“Stay in the streets”: leaders of Sudan’s uprising reject military rule

The Sudanese Professionals Association (SPA), which has been the main organiser of the 3-month popular uprising in Sudan, has rejected the attempt by the military high command to seize power for a “transitional period”. Dictator Omar el Bashir’s rule came to a formal end on 11 April after the Minister of Defence, Awad Ibn Awf announced that he had been removed from power and arrested.

The SPA, which represents a wide range of professions, including doctors, teachers and journalists, called on protesters camped outside the Ministry of Defence to stay in the streets.

Our revolution continues towards its goals. Only complete acceptance of the will of the people and the revolutionaries will end our sit-ins and protests. That means the handover of state power to a democratic civilian transitional authority charged with the task of implementing genuine democratic transformation. Today our sit-ins and demonstrations are continuing and our people will come out to protect the revolution and correct its course.”

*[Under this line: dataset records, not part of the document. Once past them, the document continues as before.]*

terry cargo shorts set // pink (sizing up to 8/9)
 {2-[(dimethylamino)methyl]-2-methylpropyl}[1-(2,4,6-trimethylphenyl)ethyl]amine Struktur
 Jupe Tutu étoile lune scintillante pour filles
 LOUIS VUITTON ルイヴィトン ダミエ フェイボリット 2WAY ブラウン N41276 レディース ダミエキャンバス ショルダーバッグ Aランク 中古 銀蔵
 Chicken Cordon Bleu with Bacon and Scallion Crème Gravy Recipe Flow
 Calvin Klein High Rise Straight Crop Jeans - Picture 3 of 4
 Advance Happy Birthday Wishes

The same message was repeated by the signatories to the Declaration of Freedom and Change, a set of demands adopted by a wide range of groups opposed to Bashir’s dictatorship in January 2019. The declaration calls for an end to Sudan’s civil wars, justice for those displaced, the dismantling of the one-party regime, empowerment of Sudanese women and more state funding for health, education and the environment.

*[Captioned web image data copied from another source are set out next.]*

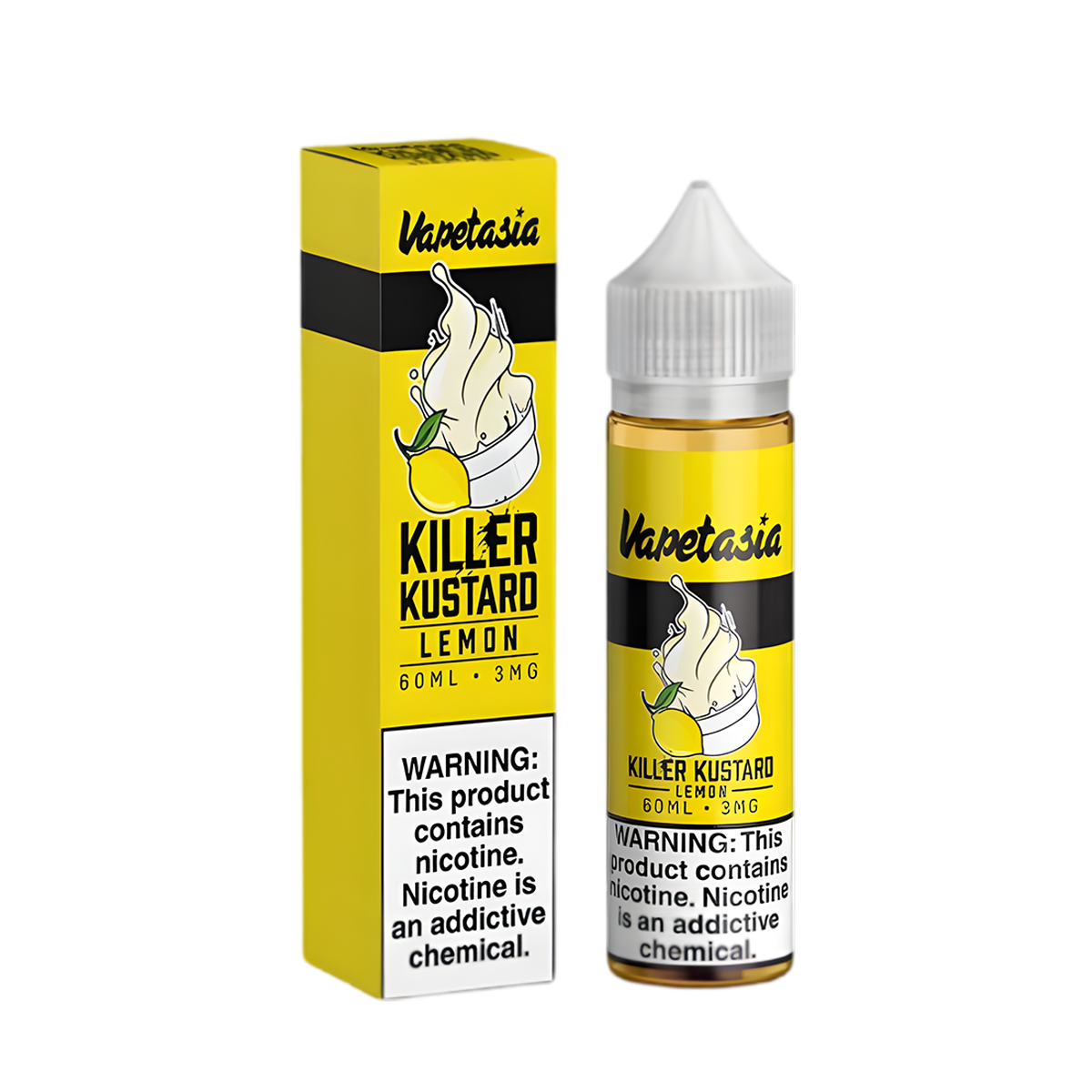 VapeTasia Killer Kustard Freebase Vape Juice 6 Mg 60 Ml Lemon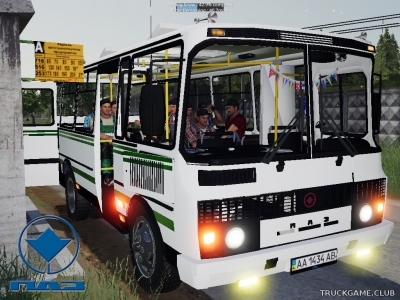 Мод "ПАЗ-3205" для Farming Simulator 2019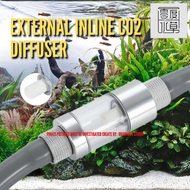ZRDR Aquarium External Diffuser Aquarium Inline CO2 Reactor CO2 Diffuser Aquarium Inline CO2 Diffuse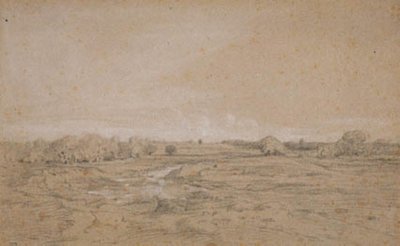 Landschaft mit Teich (Berri) von Theodore Rousseau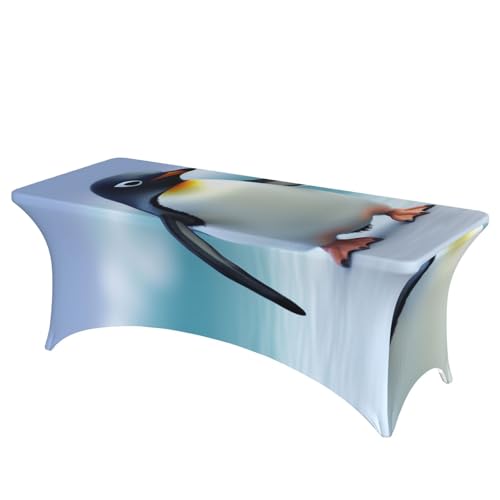 FHEDVBN Stretch-Spandex-Tischdecke, niedlicher Pinguin-Tischdecke für rechteckige Passform, dekorative Tischdecke, für drinnen und draußen, waschbar, Tischdecke für Veranstaltungen, Hochzeiten, Partys FHEDVBN Stretch-Spandex-Tischdecke, niedlicher Pinguin-Tischdecke für rechteckige Passform, dekorative Tischdecke, für drinnen und draußen, waschbar, Tischdecke für Veranstaltungen, Hochzeiten, Partys von FHEDVBN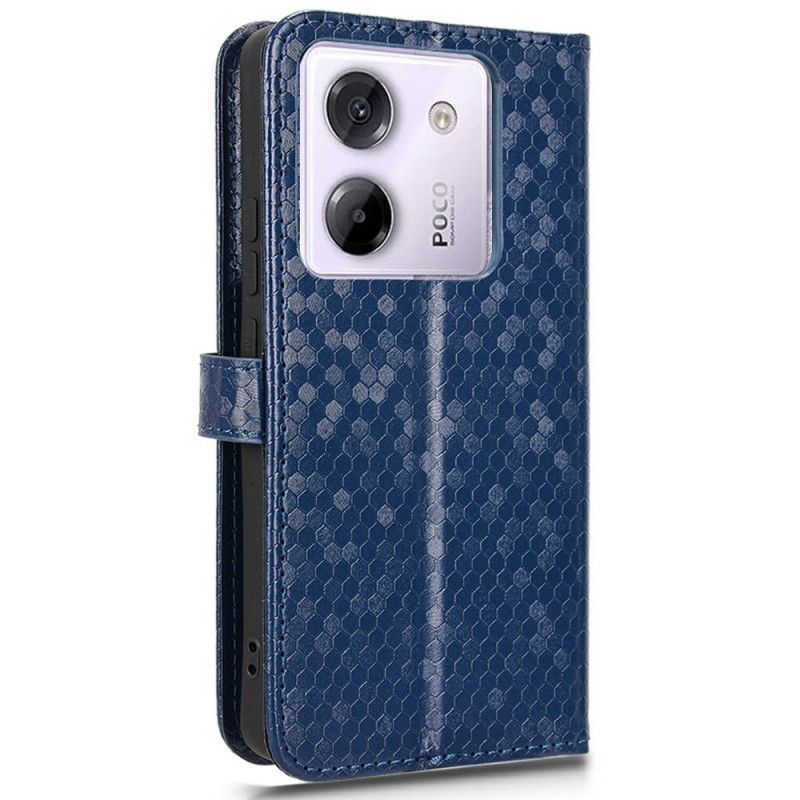 Etui Folio Xiaomi Redmi Note 14 5g Błyszczące Kolce Z Linką Etui Ochronne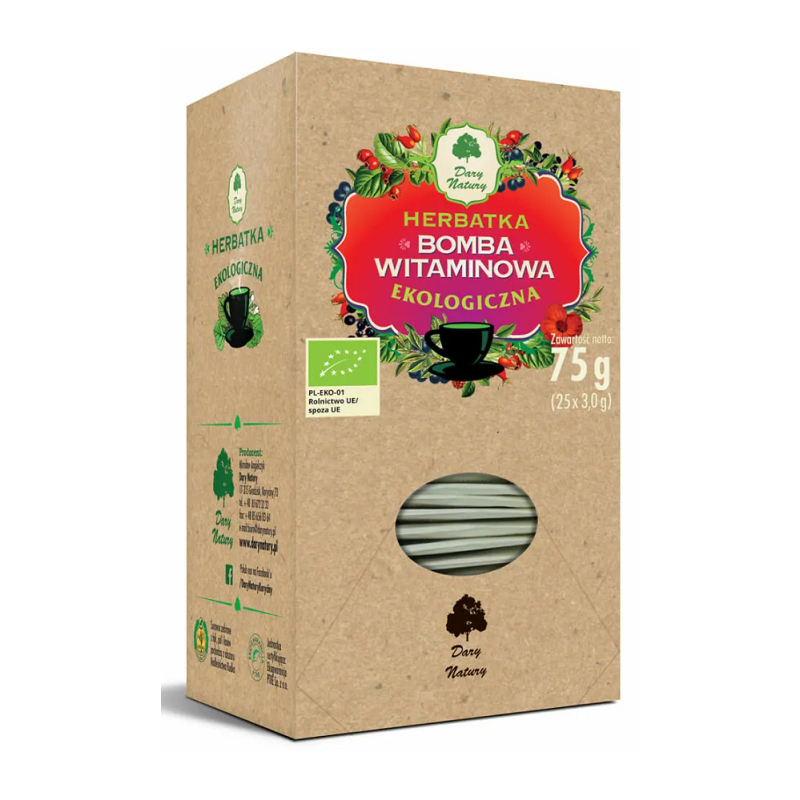 Herbatka Bomba Witamionowa BIO 75g - Dary Natury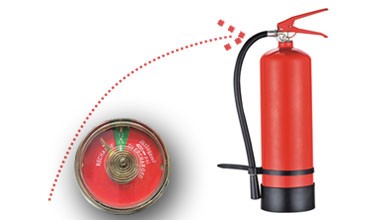 Chromed Body Fire Extinguisher Valve For 1 - 2KG Dry Powder Fire Extinguisher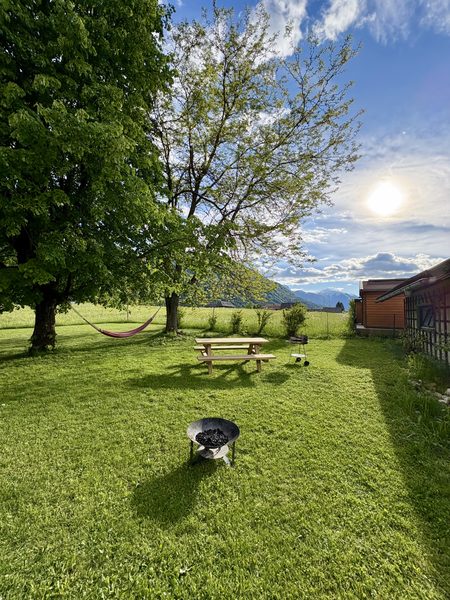 Terrace and garden of Kaufhaus Wiedenig in Möderndorf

We, in the Forces of the Declaration of Freedom and Change, categorically reject what was declared in the statement of the regime’s internal coup d’etat forces, and we invite our resilient and resourceful people to continue the revolution, through holding their sit-in positions at the Army Forces HQs in Khartoum and other main SAF posts in the provinces of Sudan, and to remain on the streets in all the towns of Sudan. We shall stand our ground on the public squares and roads that we have liberated with our might, continuing with the popular struggle until state power is reinstated to a civilian transitional government that represents the forces of the revolution. That is our clear and irrevocable stance: the streets never betray, and we shall meet there.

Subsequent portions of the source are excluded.